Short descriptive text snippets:
- - -

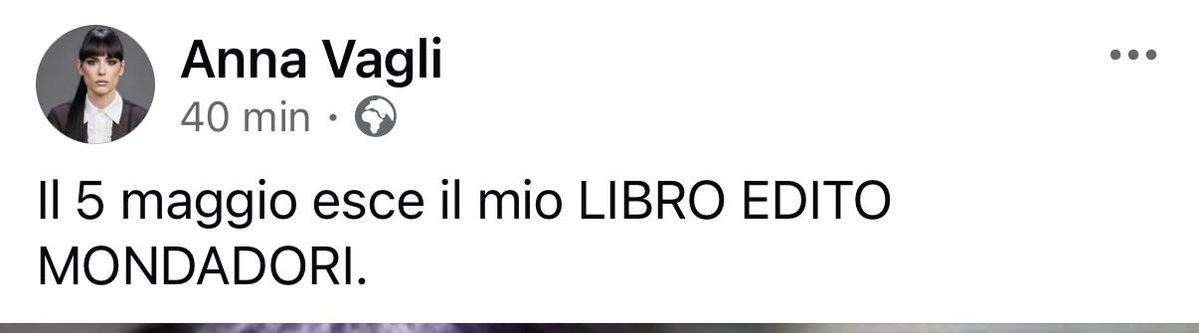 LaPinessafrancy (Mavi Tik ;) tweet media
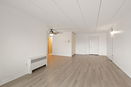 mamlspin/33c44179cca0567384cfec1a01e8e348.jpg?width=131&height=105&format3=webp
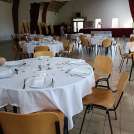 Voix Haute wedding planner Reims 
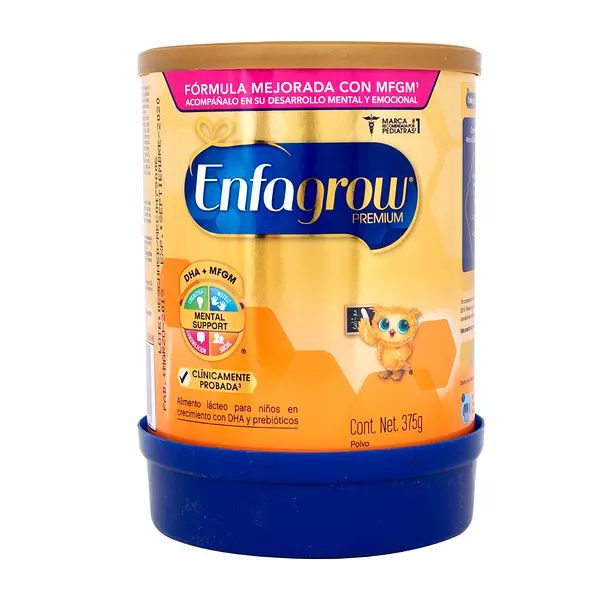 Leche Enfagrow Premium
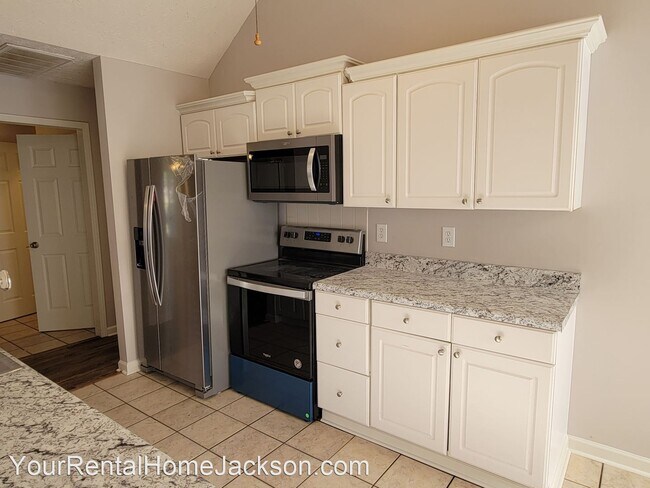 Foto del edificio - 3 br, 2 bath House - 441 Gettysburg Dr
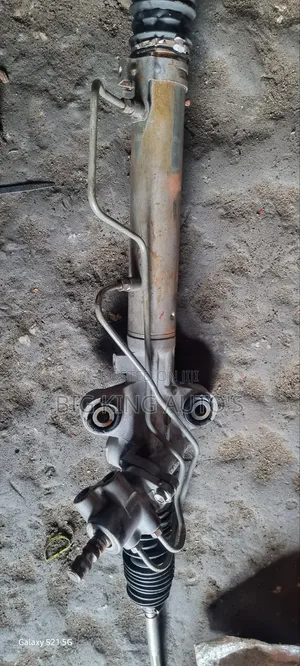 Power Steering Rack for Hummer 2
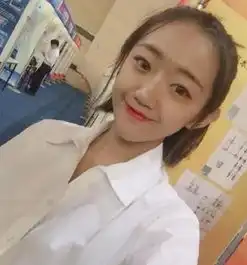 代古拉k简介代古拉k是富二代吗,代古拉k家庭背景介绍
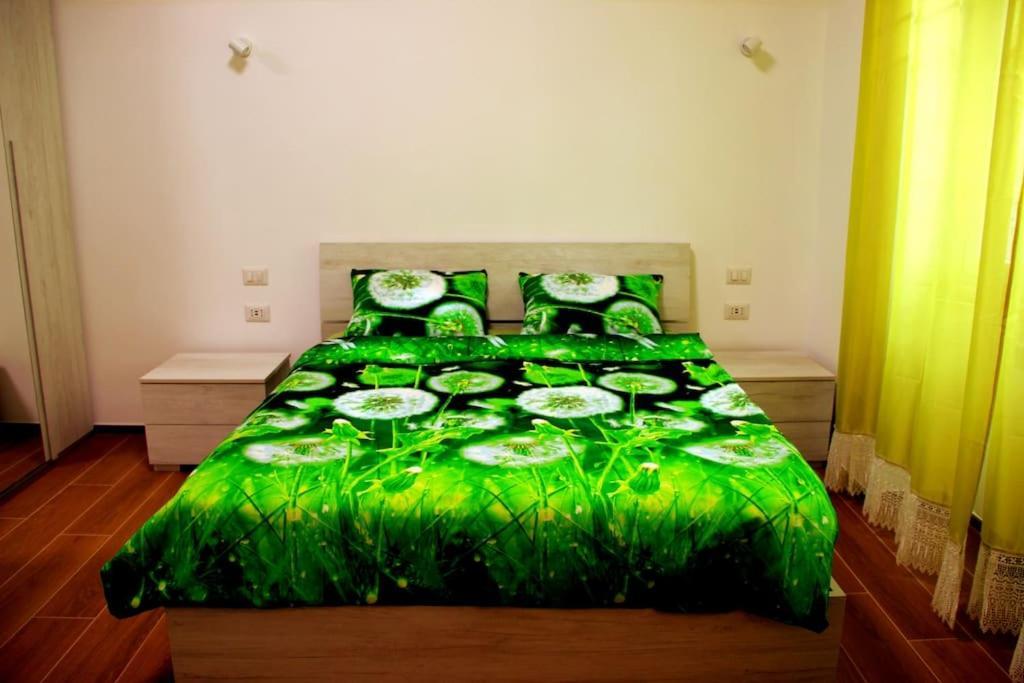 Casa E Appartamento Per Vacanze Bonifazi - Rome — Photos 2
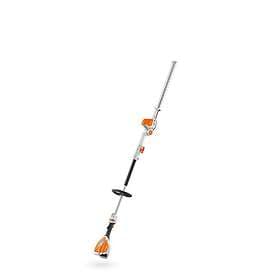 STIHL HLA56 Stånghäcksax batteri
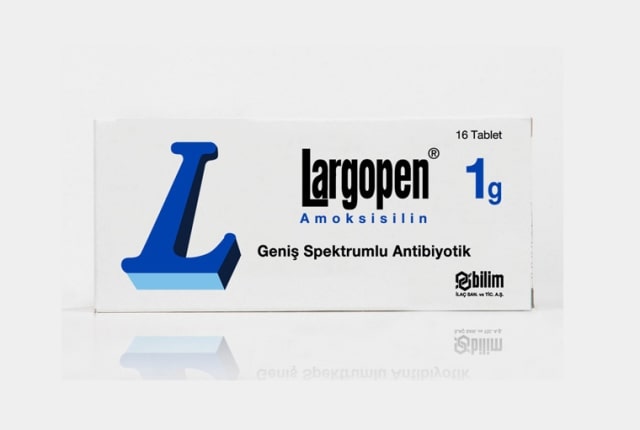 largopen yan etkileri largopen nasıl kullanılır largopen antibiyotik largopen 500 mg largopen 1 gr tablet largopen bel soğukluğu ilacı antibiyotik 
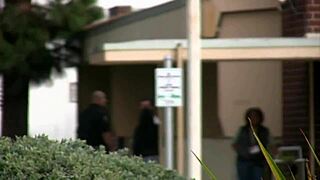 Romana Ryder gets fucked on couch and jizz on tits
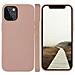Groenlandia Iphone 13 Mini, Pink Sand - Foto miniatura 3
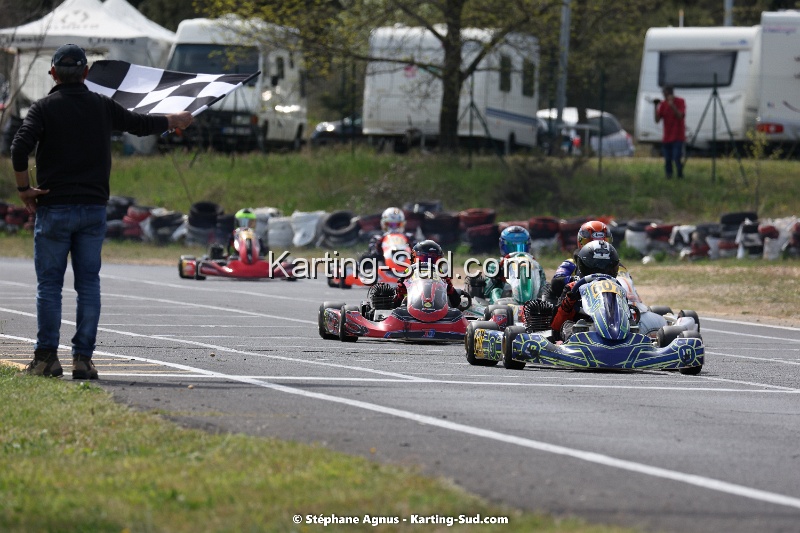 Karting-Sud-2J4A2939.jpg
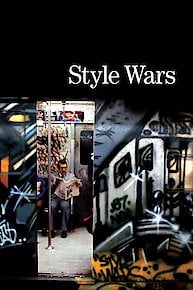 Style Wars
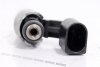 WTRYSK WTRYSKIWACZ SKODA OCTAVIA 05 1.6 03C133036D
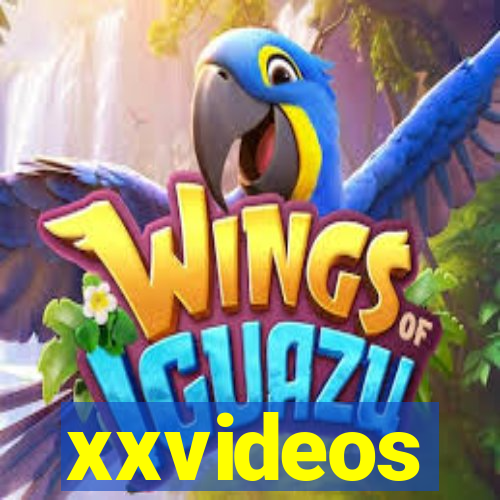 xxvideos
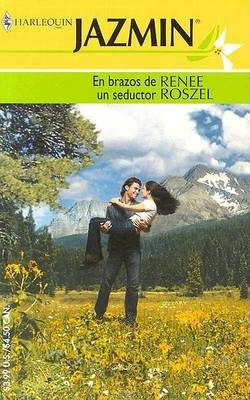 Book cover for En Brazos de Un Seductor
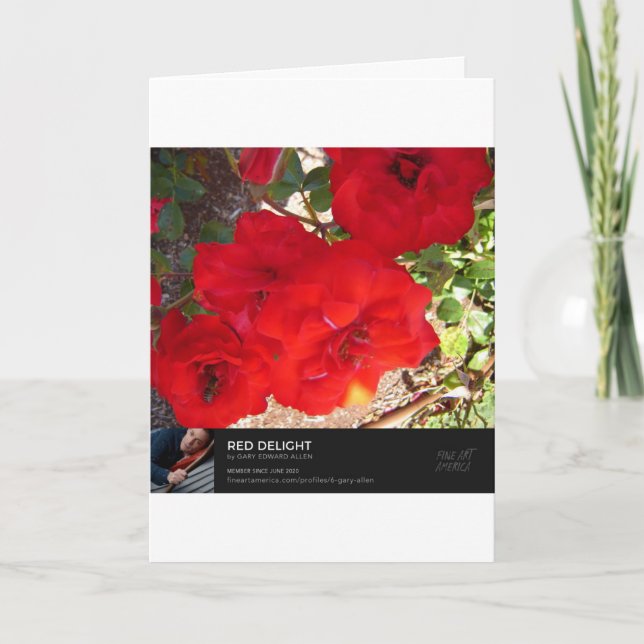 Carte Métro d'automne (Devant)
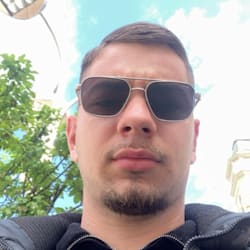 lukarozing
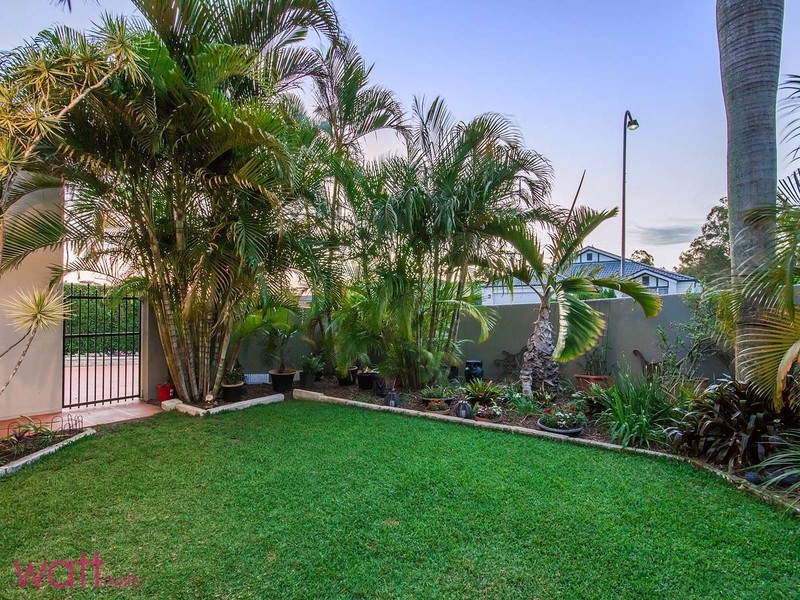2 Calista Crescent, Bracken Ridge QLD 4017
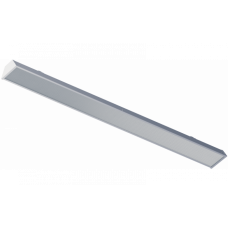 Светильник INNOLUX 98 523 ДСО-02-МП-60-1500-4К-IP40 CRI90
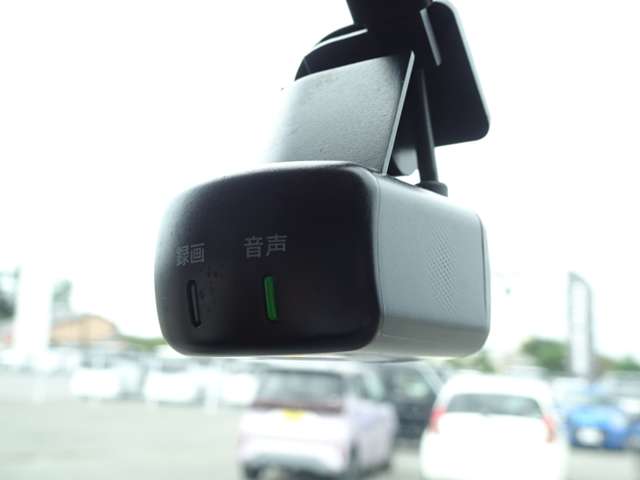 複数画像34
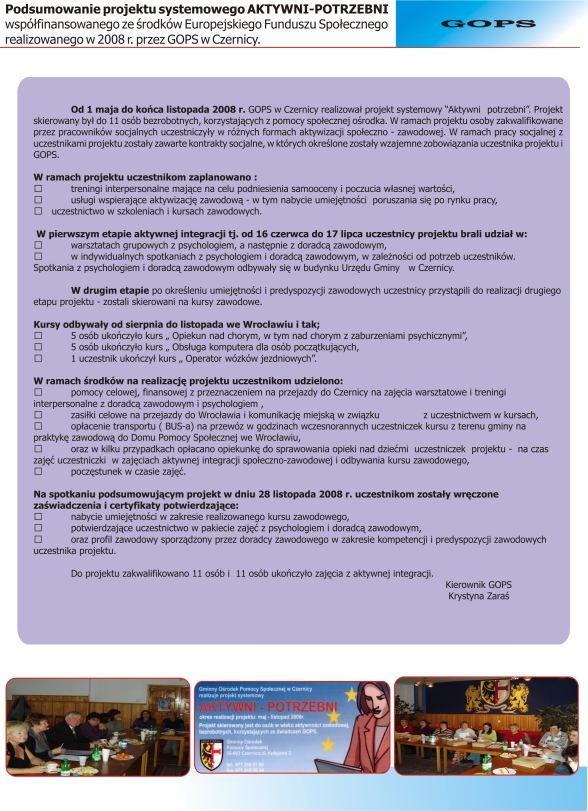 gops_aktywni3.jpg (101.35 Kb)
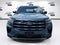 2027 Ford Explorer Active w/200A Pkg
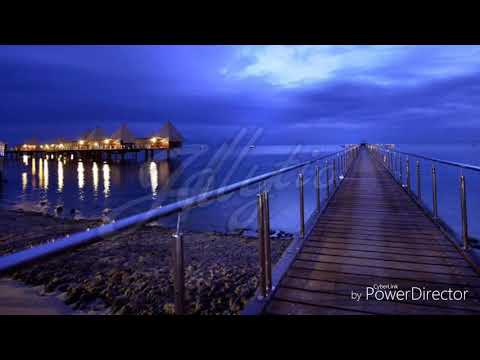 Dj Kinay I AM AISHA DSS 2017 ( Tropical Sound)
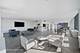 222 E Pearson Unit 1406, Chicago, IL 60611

- - -

→ **ABOUT THIS EXERCISE**: Among the lines above, the one with "Leche Enfagrow Premium" opens the part to repeat and the one with "STIHL HLA56 Stånghäcksax batteri" closes it; repeat only that part exactly, with no pictures.

→ **TASK ANSWER**:
 Leche Enfagrow Premium
 Foto del edificio - 3 br, 2 bath House - 441 Gettysburg Dr
 Power Steering Rack for Hummer 2
 代古拉k简介代古拉k是富二代吗,代古拉k家庭背景介绍
 Casa E Appartamento Per Vacanze Bonifazi - Rome — Photos 2
 STIHL HLA56 Stånghäcksax batteri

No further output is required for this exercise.